To qualify for a refinance of your ARM, expect to meet minimum lender requirements. Aim for these benchmarks:
- Credit score: 620 or higher (700 or higher for the best rates)
- Debt-to-income (DTI) ratio: 43% or lower
- Loan-to-value (LTV) ratio: 80% or lower
- Loan seasoning: Usually 6 months minimum
- Employment history: Stable employment and/or consistent income sources
- Cash reserves: Your lender may require that you have enough saved to cover a few months of mortgage payments.
Refinance Costs to Consider
Make no mistake: you’ll have to pay your share of closing costs whether you refinance into a new ARM or a new fixed-rate mortgage loan.

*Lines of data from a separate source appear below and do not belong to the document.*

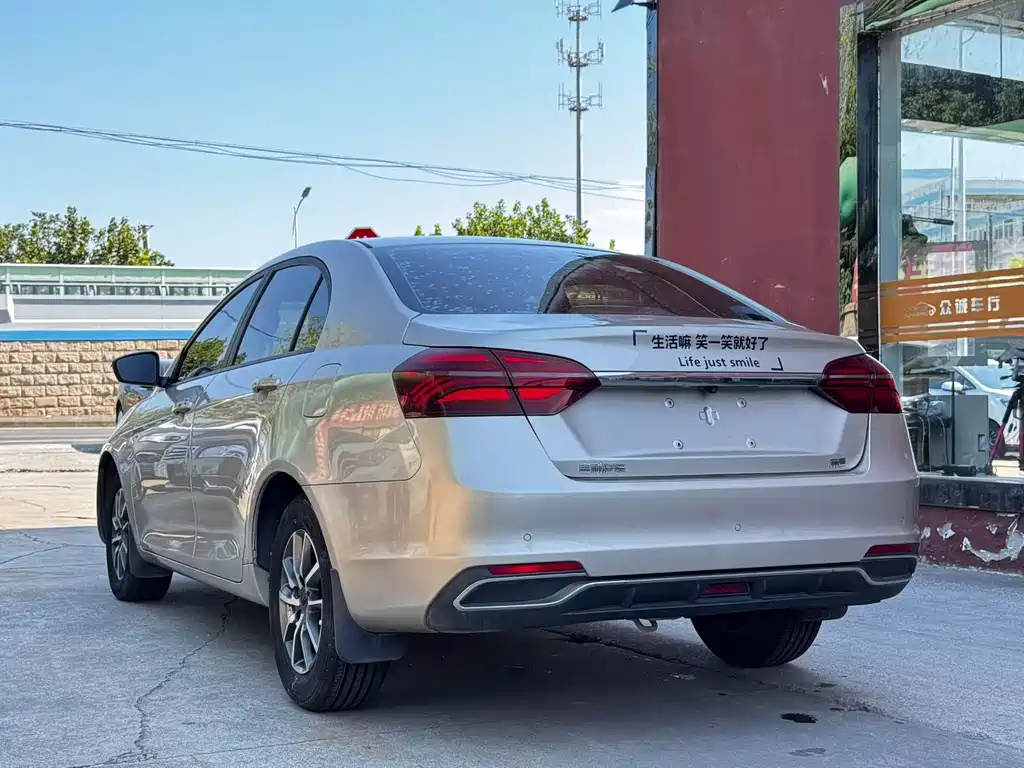 Geely Emgrand — миниатюра 7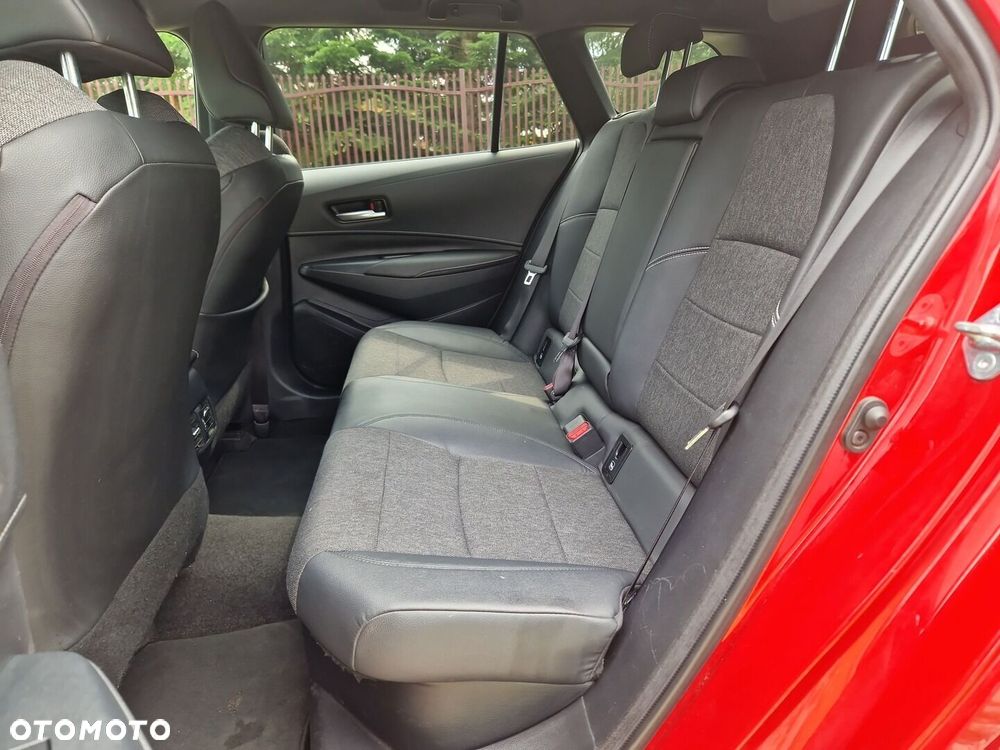 Toyota Corolla 2.0 Hybrid Comfort - 14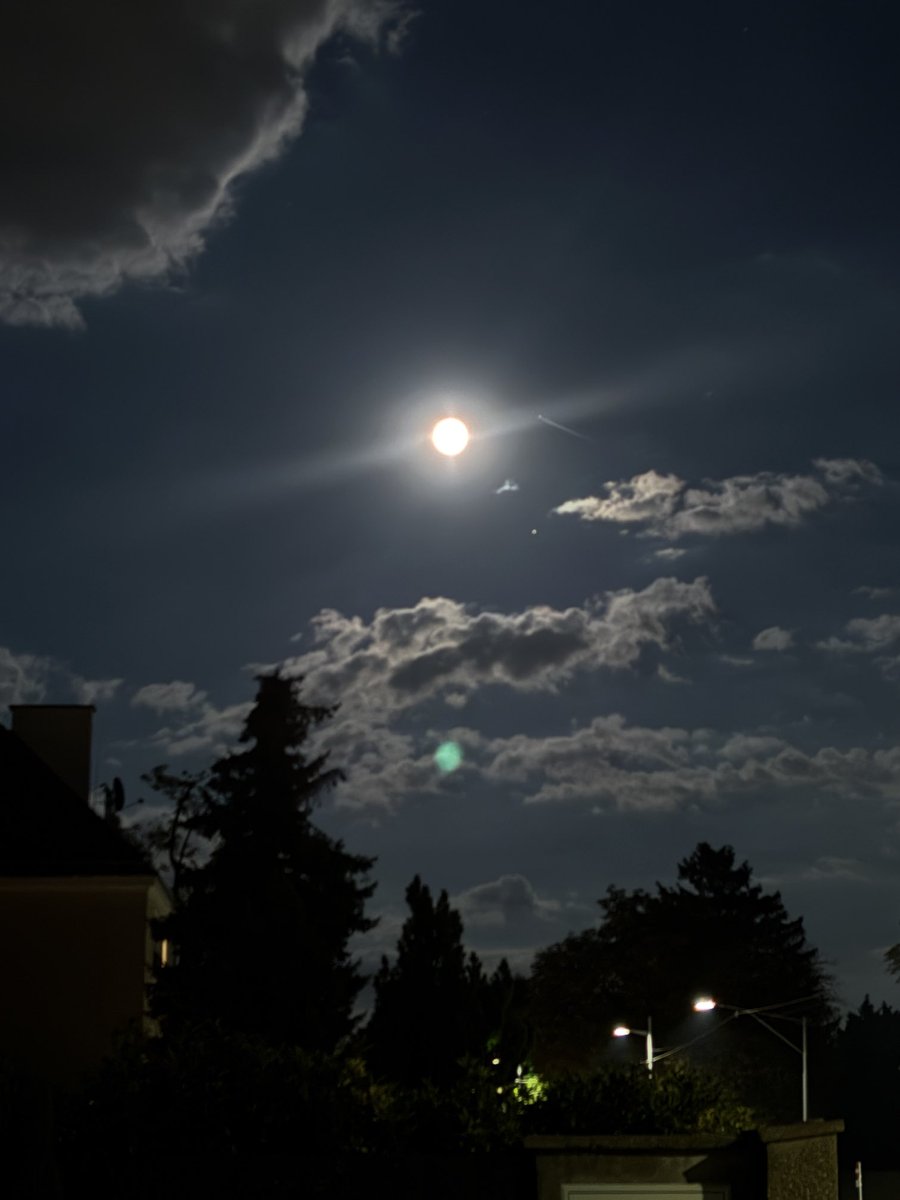 Vollmond über Kagran
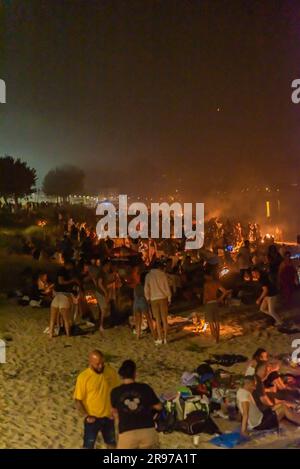 Cangas, Spanien. Juni 24. 2023. Tausende von Menschen feierten in galicien in der Nacht von San Juan mit Lagerfeuern an den Stränden, auf dem Foto der Strand von Rodeira in Cangas do Morrazo. Kredit: Xan Gasalla / Alamy Live News. Stockfoto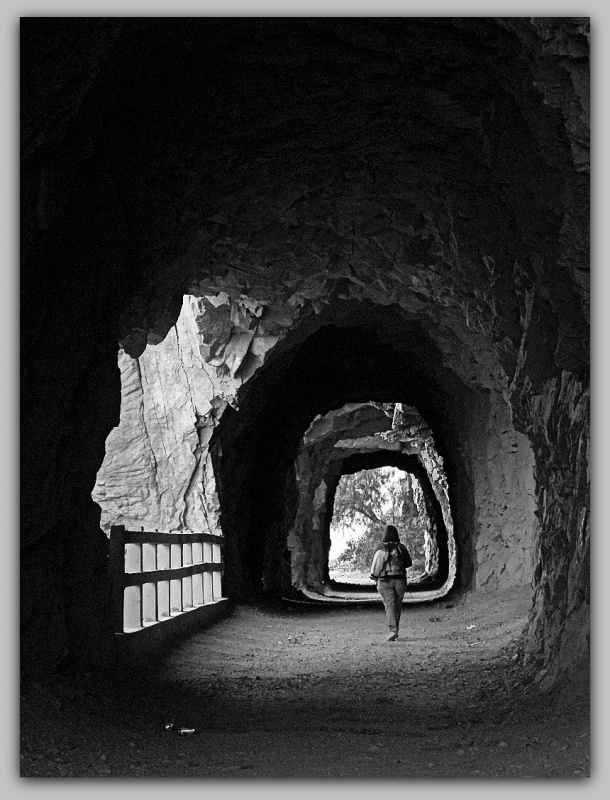 "el tunel" de Marcos Pedro Escudero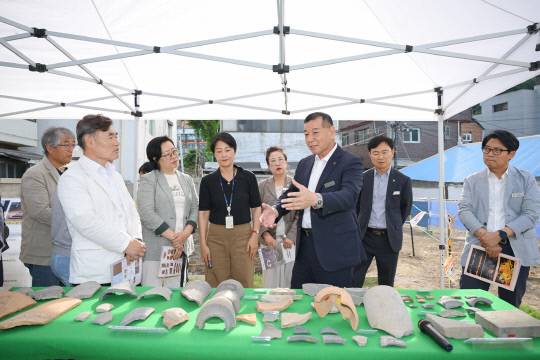 공주시는 공주 대통사지 역사공원 조성부지 내 유적에서 백제시대부터 조선시대 말기까지의 유적이 확인돼 (재)새론문화유산연구원(원장 신연식)은 최원철 시장과 국가유산청 이소연 사무관, 학계 관계자, 언론인 등을 대상으로 현장공개 설명회를 열고 대통사지 관련 조사 현황과 출토 유물 등을 설명했다. 사진=공주시 제공
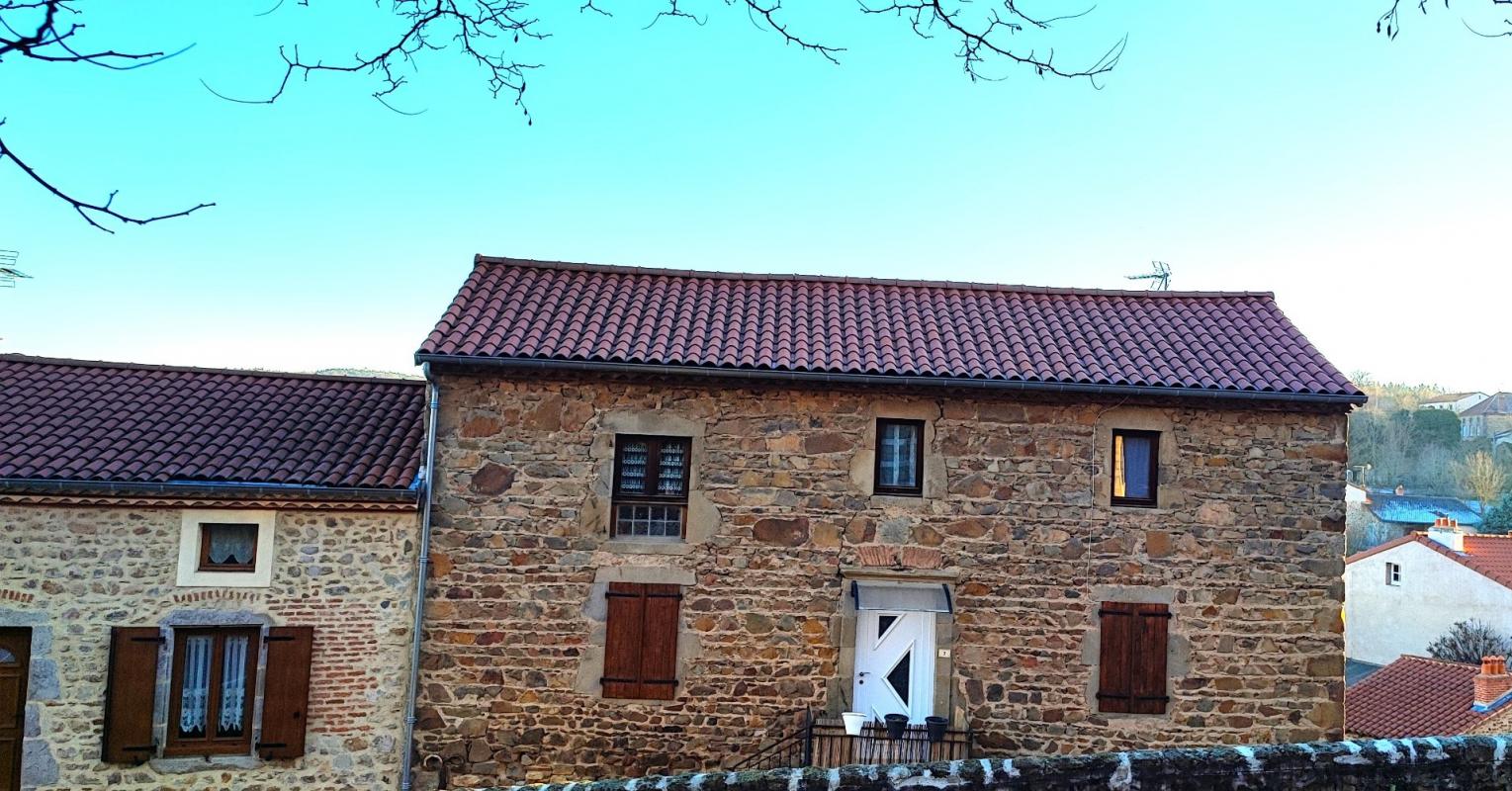 6 bedroom maison in Brioude, Haute-Loire, France – C53F012D133C4BDC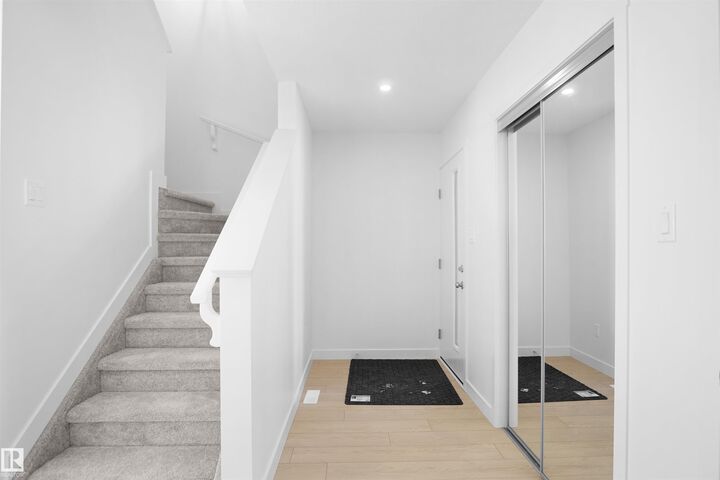 Property Photo:  8893 Carson Way SW  AB T6W 5H8 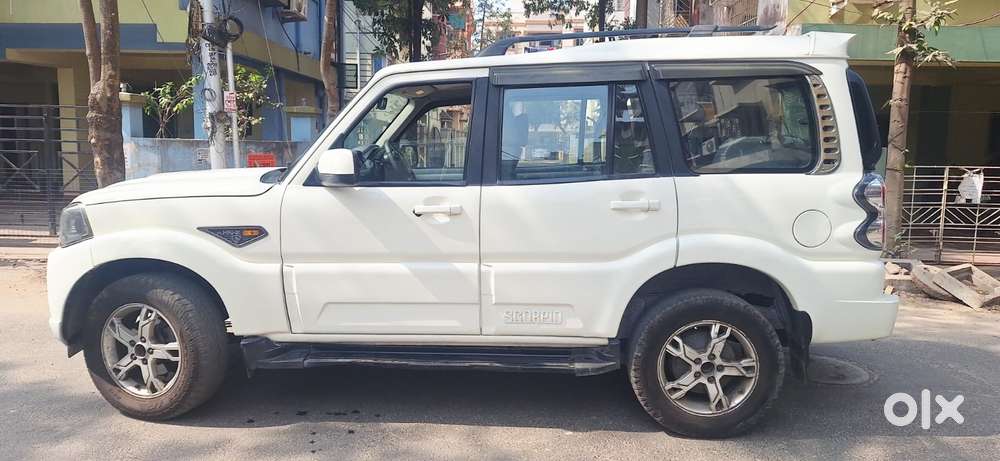 Mahindra Scorpio S10, 2016, Diesel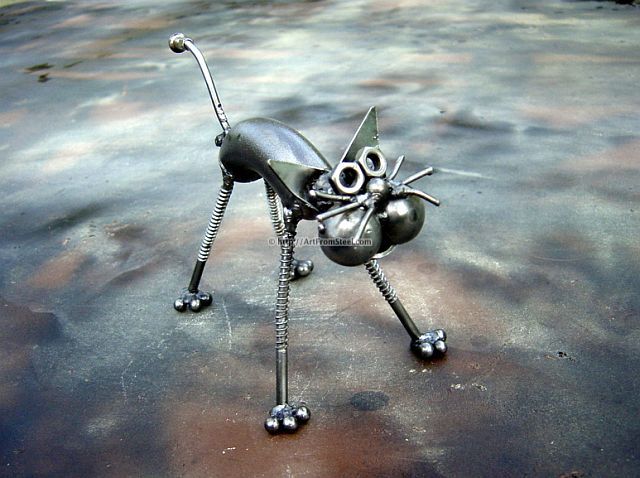 Hand-made recycled statues (77 pics)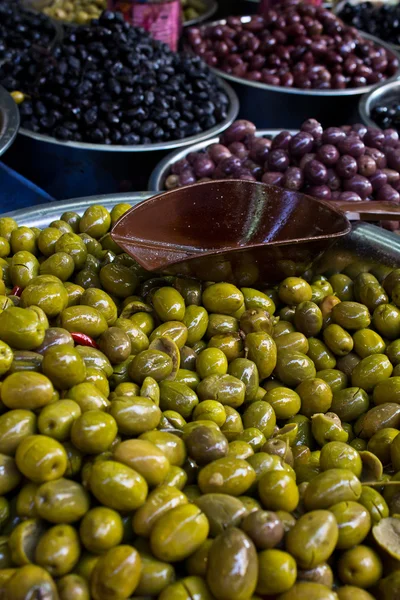 stock image Olives - A mound of green and black olives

“Closing costs usually range from 2% to 5% of the loan amount. These costs may include application and origination fees, appraisal fees, title insurance expenses, attorney fees, recording fees, and taxes,” says Holman. “For a $300,000 loan, for example, you can expect to pay $6,000 to $15,000 in closing costs. The good news is that many lenders offer no-closing-cost options by rolling the closing costs into your loan via a slightly higher rate.”
Also, assuming you can lower your monthly payments by refinancing, bear in mind that you’ll likely recoup the closing expenses you pay after you break even. Breaking even on refinance closing costs refers to when the savings from a new loan—usually through a lower interest rate or reduced monthly payments—match the upfront expenses paid to finalize the loan. Beyond this point, the financial benefits of the loan exceed its initial costs. Case in point, if you refinance your ARM and incur $6,000 in closing costs to obtain a lower interest rate that saves you $200 per month, your break-even point would be 30 months.
The Bottom Line
Fortunately, you’re not tethered to your current ARM: you can choose to refinance when the time is right, and, ideally, you can save money by shifting to either a fresh ARM or a new fixed-rate mortgage loan with a lower rate and better terms.
But you’ll need to do your homework and forecast future needs carefully to determine which option best suits your situation. Before committing to a new financing offer, think hard about how long you plan to remain in your home, your future job and earning prospects, and where you believe the rate climate is heading.